The current US presence in Vicenza provides around 1000 jobs for locals and pumps millions into that city’s economy. Tens of thousands of Italy’s taxpayers nonetheless felt obliged to travel, to march, and to protest the planned arrival of 2000 more GIs.
These two events, concerning traditionally faithful US allies, reflect the depth of global disdain for America in 2007. Those of us familiar with the deep-seated admiration and gratitude held by most Italians for the US and its military perceived this as the end of a love affair.
Italy became a respected power in the ’90s, thanks to growing economic strength and its presence in the European Union. At that time, some Italians — especially north of Rome, where independent feelings run strongest — liked to say, “America e’ arrivata in Italia!” (“America has come to Italy.”) These Italians underscored the glory of Italy’s enviable standard of living and the end of the need for American protection, guidance, or interference.
From the once-liberated Rome southward, however, the memories of American forces riding in on Jeeps and tanks to set Italy free from the grip of fascist and Nazi terror remained strong. Ostia, Monte Cassino, Salerno, and Catania still remembered stories of assorted kindnesses, and images of salvation starring an American who had helped their grandparents to break the grip of cruel oppressors.
Today, all over the boot, younger, more educated Italians, connected to the world by diffuse cell phones and Web sites, feel less open to the myth of America as global liberator.

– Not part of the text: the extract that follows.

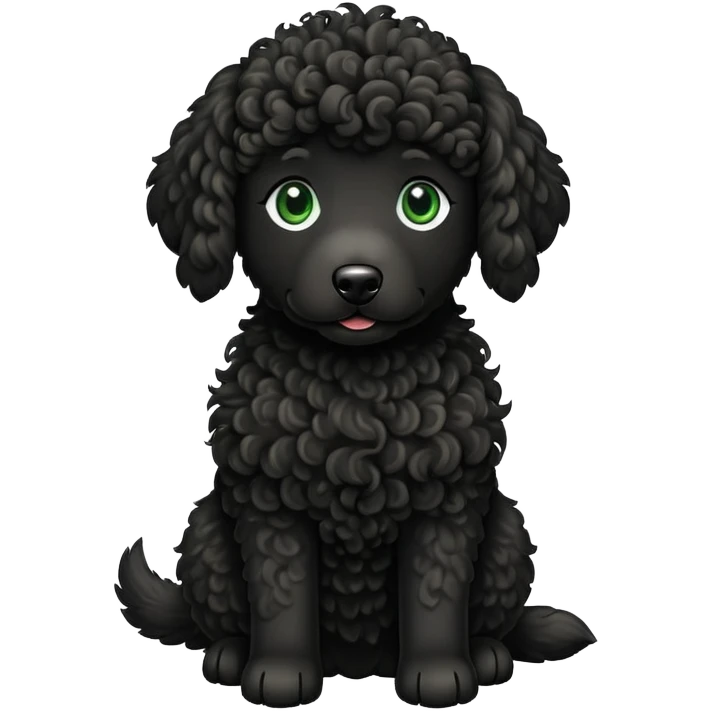 Green eyed black doodle dog emoji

They are unwilling to risk terrorism and the prostituting of their beloved Italia for Uncle Sam.
Who can blame them? The throngs in Vicenza, after all, express the same frustrations and fears now felt by many US residents in their war-weary daze. They, as we, want the military top-heaviness of the US position in the world community reined in. Like so many US taxpayers, they want to say, “No!” to wasting revenues on a war machine, “No!” to more death and destruction.
One sign waving above the crowd said it best: not “America Go Home!” but, simply and sweetly, “America, No Thanks.”
Hopefully, America can hear this message from a friend, before it hears differently from its growing list of enemies.